Exercise details:
With the pictures omitted, print exactly the lines below, from the one containing "Immunohistochemistry of paraffin-embedded" through the one containing "Coenzyme A structure", and nothing else.

-.-.-

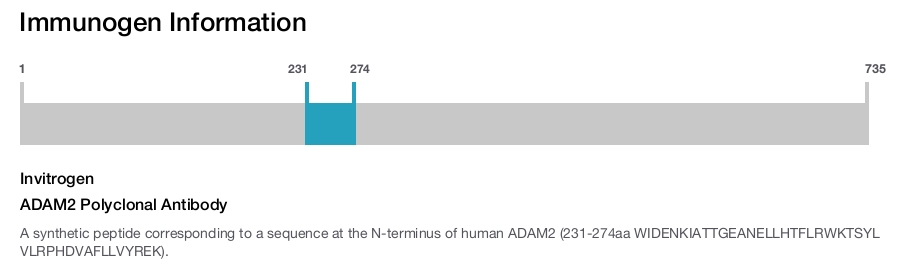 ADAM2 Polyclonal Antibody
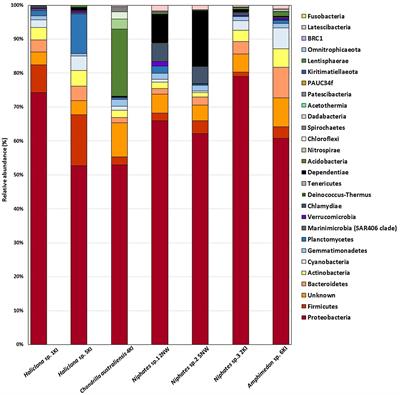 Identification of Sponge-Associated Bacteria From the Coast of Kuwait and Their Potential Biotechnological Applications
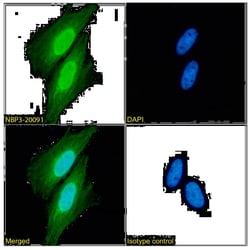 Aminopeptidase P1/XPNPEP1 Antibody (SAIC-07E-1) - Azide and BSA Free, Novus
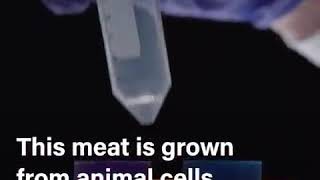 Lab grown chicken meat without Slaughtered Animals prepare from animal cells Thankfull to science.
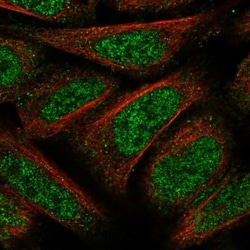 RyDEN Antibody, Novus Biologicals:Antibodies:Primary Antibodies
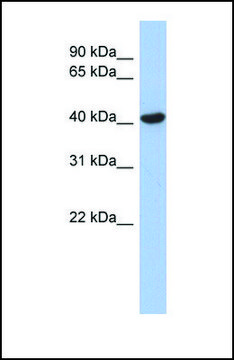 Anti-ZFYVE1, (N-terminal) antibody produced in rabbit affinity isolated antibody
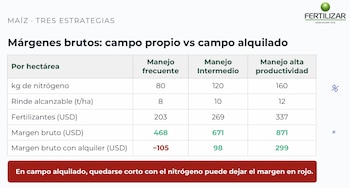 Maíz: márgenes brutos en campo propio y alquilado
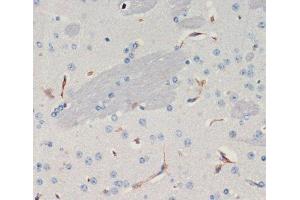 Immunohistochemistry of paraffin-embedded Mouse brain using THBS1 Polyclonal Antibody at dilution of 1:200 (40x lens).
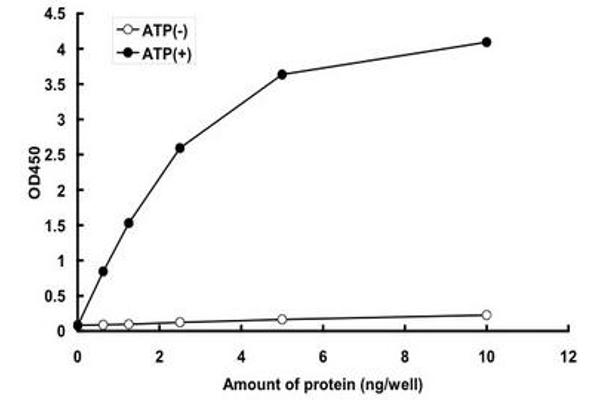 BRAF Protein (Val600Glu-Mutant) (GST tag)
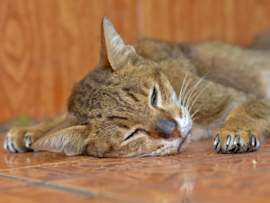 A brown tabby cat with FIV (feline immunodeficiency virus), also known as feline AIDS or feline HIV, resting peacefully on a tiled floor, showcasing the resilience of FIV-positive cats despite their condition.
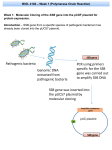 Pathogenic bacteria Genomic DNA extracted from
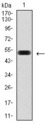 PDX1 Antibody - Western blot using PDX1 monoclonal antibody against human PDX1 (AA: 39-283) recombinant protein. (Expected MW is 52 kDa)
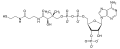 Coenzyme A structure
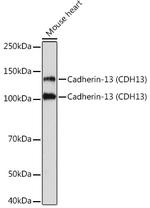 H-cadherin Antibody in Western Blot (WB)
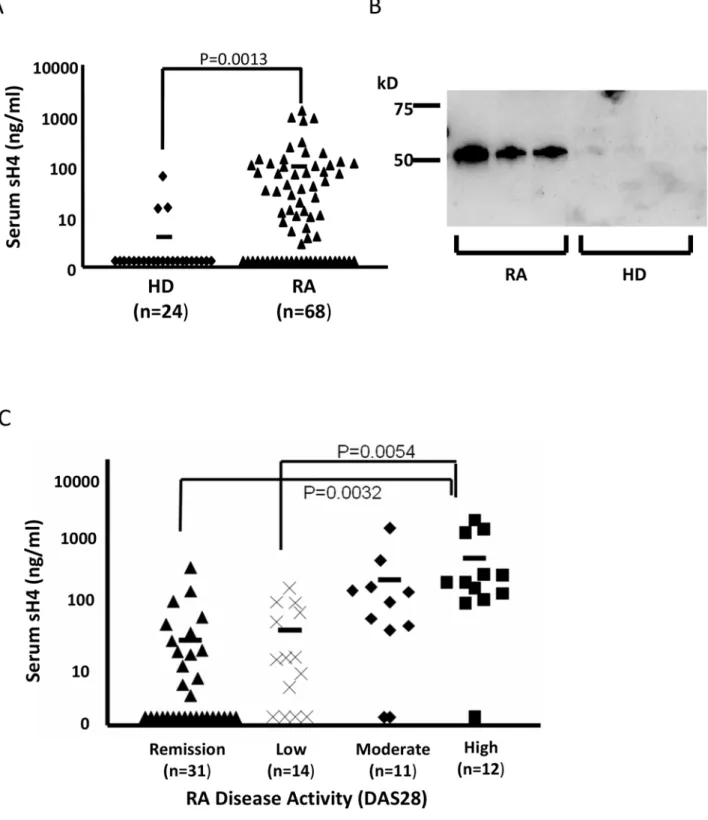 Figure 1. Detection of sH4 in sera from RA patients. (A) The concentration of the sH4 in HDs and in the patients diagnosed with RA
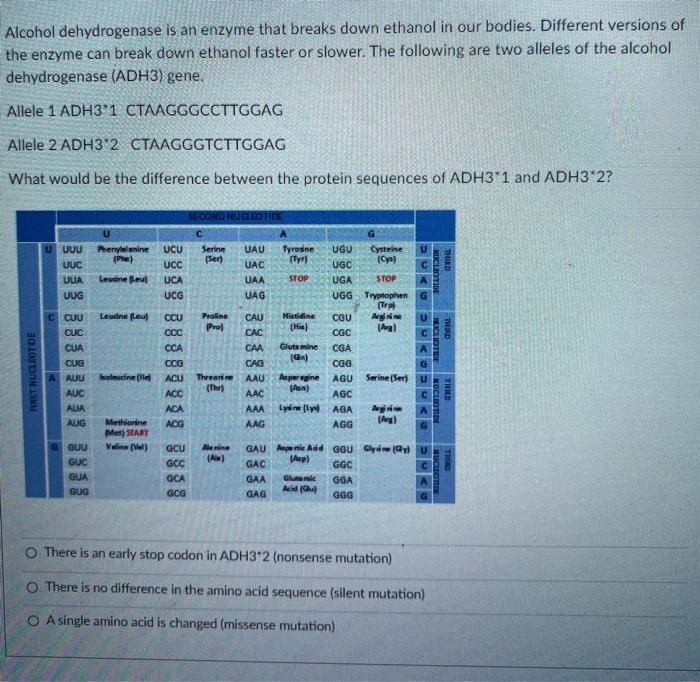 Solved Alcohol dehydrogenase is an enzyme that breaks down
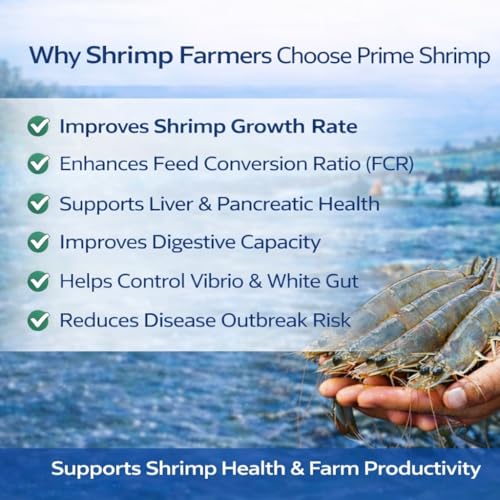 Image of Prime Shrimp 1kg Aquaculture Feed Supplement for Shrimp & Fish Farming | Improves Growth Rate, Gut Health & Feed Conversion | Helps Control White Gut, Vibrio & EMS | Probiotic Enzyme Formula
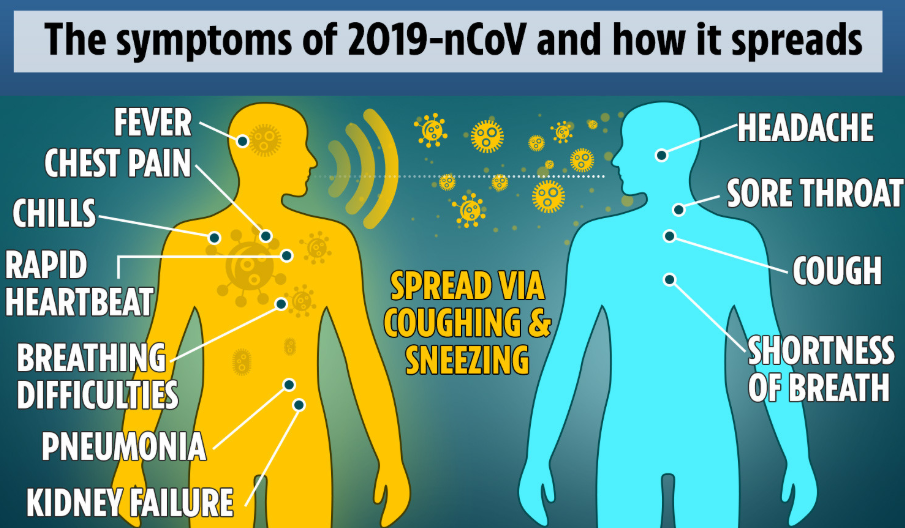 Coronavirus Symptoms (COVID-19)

-.-.-

Reply:
 Immunohistochemistry of paraffin-embedded Mouse brain using THBS1 Polyclonal Antibody at dilution of 1:200 (40x lens).
 BRAF Protein (Val600Glu-Mutant) (GST tag)
 A brown tabby cat with FIV (feline immunodeficiency virus), also known as feline AIDS or feline HIV, resting peacefully on a tiled floor, showcasing the resilience of FIV-positive cats despite their condition.
 Pathogenic bacteria Genomic DNA extracted from
 PDX1 Antibody - Western blot using PDX1 monoclonal antibody against human PDX1 (AA: 39-283) recombinant protein. (Expected MW is 52 kDa)
 Coenzyme A structure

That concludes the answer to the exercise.